Dow Inc. (DOW) is a massive industrial maker of coatings, paints, solvents, lubricants, packaging, and specialty polymers. Traditionally known as a stodgy and cyclical business, Dow's stock price has taken a turn for the worse, falling 60% in 2020. Now yielding 12%, is Dow a company income investors and retirees should put on their radar, or is the sell-off in the stock justified?
For about a month now, the effects of the novel coronavirus have rippled through global markets, halving the price of oil and sending much of the world into an economic slowdown and potential recession.
Compared to other industrials, Dow is not unique in its exposure to an event like this. When you have a global supply chain, you're going to get hit hard when there's a halt in global shipments, transportation, and manufacturing. As an integral member of the worldwide chemical industry, Dow's business is getting nothing short of hammered.
On the production side, Dow's supply chain consists of a slew of manufacturing inputs and materials that could prove difficult to purchase with transportation challenges. Then there's its workforce, which could be pressured to cut production from the workplace risks of coronavirus as well as a drop in demand from Dow's customers.
Dow acts as a supplier to several industries, most of which ebb and flow along with the economy. Each of its three segments has less than 50% of its sales from the United States. Essentially, Dow's suppliers, operations, and customers are global, capital intensive, commodity-driven, and are tied to the global economy.
Even in good times, Dow uses a lot of debt to run its business. When times are good, this can be seen as "good debt" for the cash flow-rich Dow. When Dow spun off from DowDuPont in late March 2019, it was listed in the Dow Jones Industrial Average with the reputation as being a stable industrial with the highest dividend yield of the bunch, which, at the time, was around 5% to 6%. In a slowing economy that could see manufacturing and global sales stall, Dow's debt looks more and more dangerous.
Almost all of Dow's chemical products are tied to basic feedstocks, most notably crude oil. The cyclical nature of Dow and its tethering to feedstocks and global trade makes the company vulnerable to the volatile commodity prices and trade tensions that plagued Dow's earnings in the fourth quarter of 2019.
Compared to Q4 2018, Q4 2019 Sales and EBIT (earnings before interest and taxes) margin declined across Dow's packaging and specialty plastics and industrial intermediates and infrastructure segments. Sales also declined in Dow's third segment, performance and coatings, although EBIT margins increased.
Dow management cited several reasons for this underperformance, including price and margin compression in the industrial sector. The fact that Dow's business was under pressure before the onset of the coronavirus is a red flag, considering Dow's susceptibility to a global pandemic.
In the short term, Dow will likely have some seriously ugly quarters. The company's cash flow can't be expected to remain double its dividend as it was in 2019. Due to a few rough quarters and a struggling business, Dow's trailing twelve-month (ttm) net income is negative, a poor sign for a company facing a medley of headwinds.

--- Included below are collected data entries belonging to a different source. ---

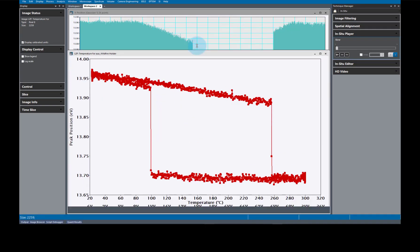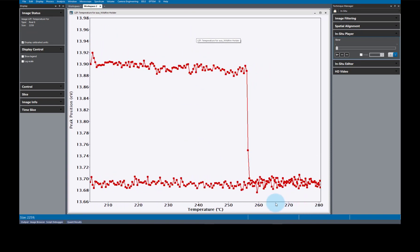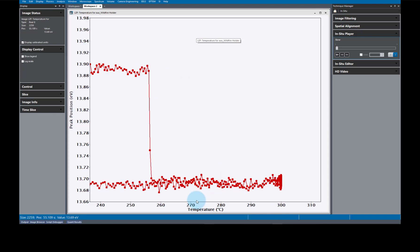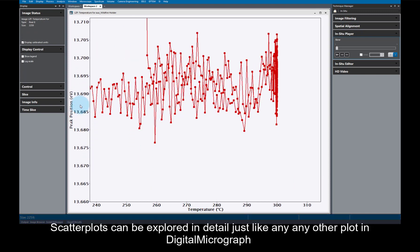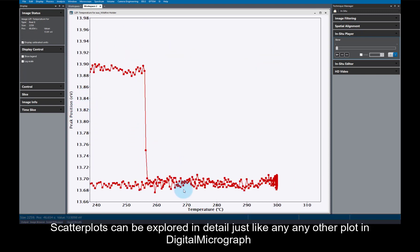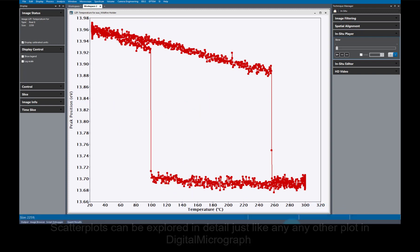After all that, you can have a publication-ready scatter plot in Digital Micrograph. Finally, you can move around the plot and explore in detail just like you can for any other plot in Digital Micrograph. Press the 5 key on the keyboard to return the display to its default extent.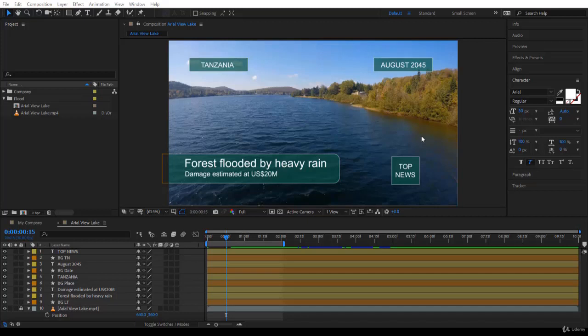So now in the last two lectures, if you followed along—and I hope you have—you created the design, designed it very nicely, and created the animation. Now it's time to tweak the animations and also to sequence.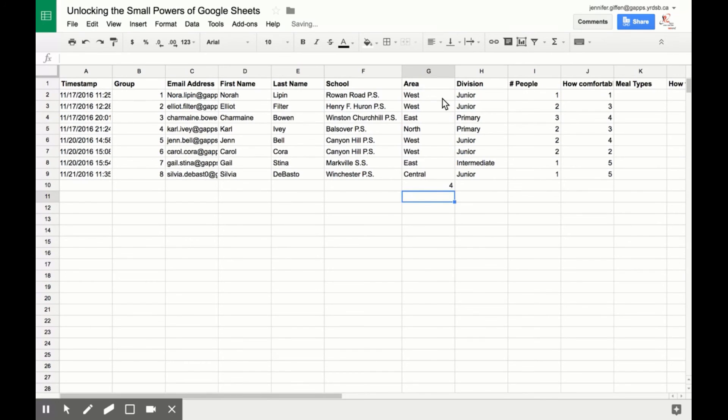and there. And sure enough, if we count one, two, three, four, we have four instances where the word 'west' has been entered.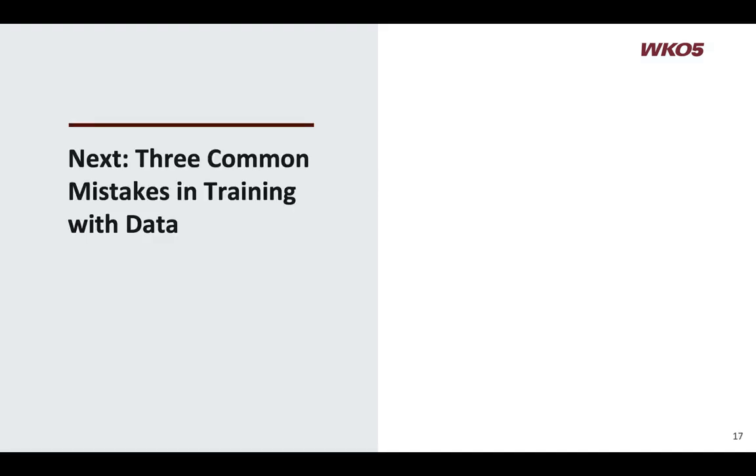Well, thanks for joining me. The next session will be the final one in the series and it's three common mistakes in training with data. Thank you.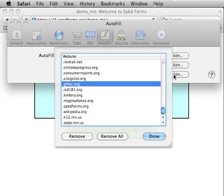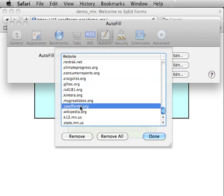When the Website dialog is displayed, scroll down and find the .spedforms.org line. You may not see this if you haven't been on SpedForms yet, but if you already have, you probably will see this line. If you do see the .spedforms.org line, click on that and click Remove.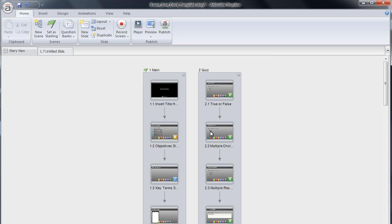There are several ways that you can insert a new quiz slide into your project. Because our templates contain quiz slides that are already formatted and styled for you, we suggest either duplicating the slides or copying and pasting the quiz slides.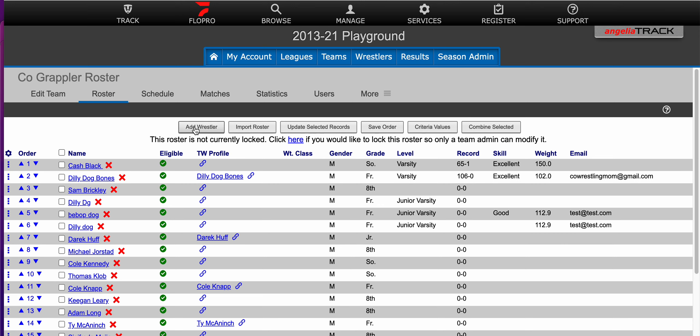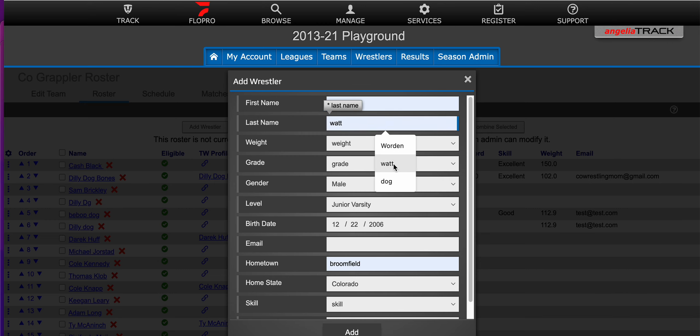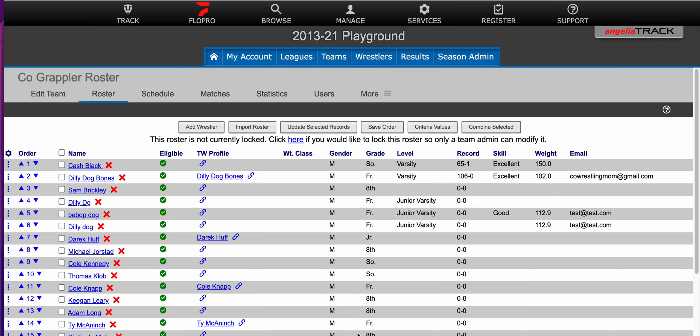Again, just click on the add wrestler button, fill out the information that is requested and just hit add.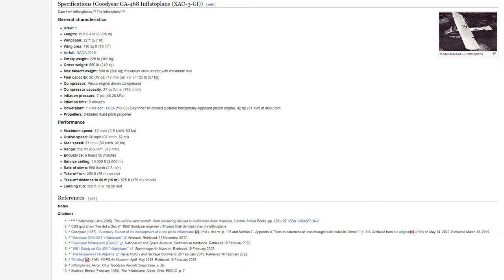Specifications. Goodyear GA-468 Inflatoplane, XAO-3GI. General characteristics. Crew: one. Length: 19 feet, 8.4 inches, 6.005 meters. Wingspan: 22 feet, 6.7 meters. Wing area: 110 square feet, 10 meters squared. Airfoil: NACA-0015.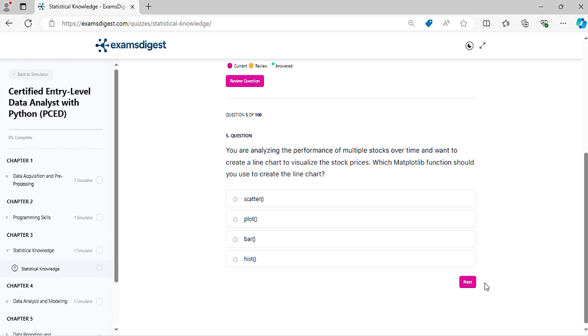Question five: You are analyzing the performance of multiple stocks over time and want to create a line chart to visualize the stock prices. Which matplotlib function should you use to create the line chart?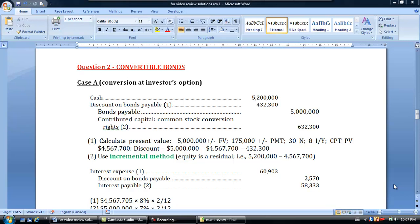Hi folks, welcome to the next question in the final exam review video. This one's on convertible bonds or convertible debt. We have three separate situations here that are independent, and the short scenario is given so we can make sure you turn to the correct page number in your notes or look at the actual question with the solution so you can follow along when I refer back to the textbook.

Dow's rising debt-to-capital ratio over the past year presents a solvency concern, despite the company doing a good job decreasing total net long-term debt as a whole. Overall, Dow's business looks healthy, but its balance sheet isn't ready for the current coronavirus market.
Dow has improved its operations and positioned itself to return strong cash flow even when commodity prices are low. But the ripple effects of the coronavirus across the industrialized world have a great effect on Dow's business. I think Dow, as a business, is a great company, but anyone considering the stock now can't take the dividend for granted.
As much as Dow looks like it's in the doghouse, picking up a few shares for the long term isn't a bad idea at this reduced price. Lower commodity prices and an economic slowdown in trade and commerce exploits nearly all of Dow's weakness. I know it looks bad, but easing into Dow while keeping some dry powder in reserve is a reasonable choice, given the stock's bludgeoning so far in 2020.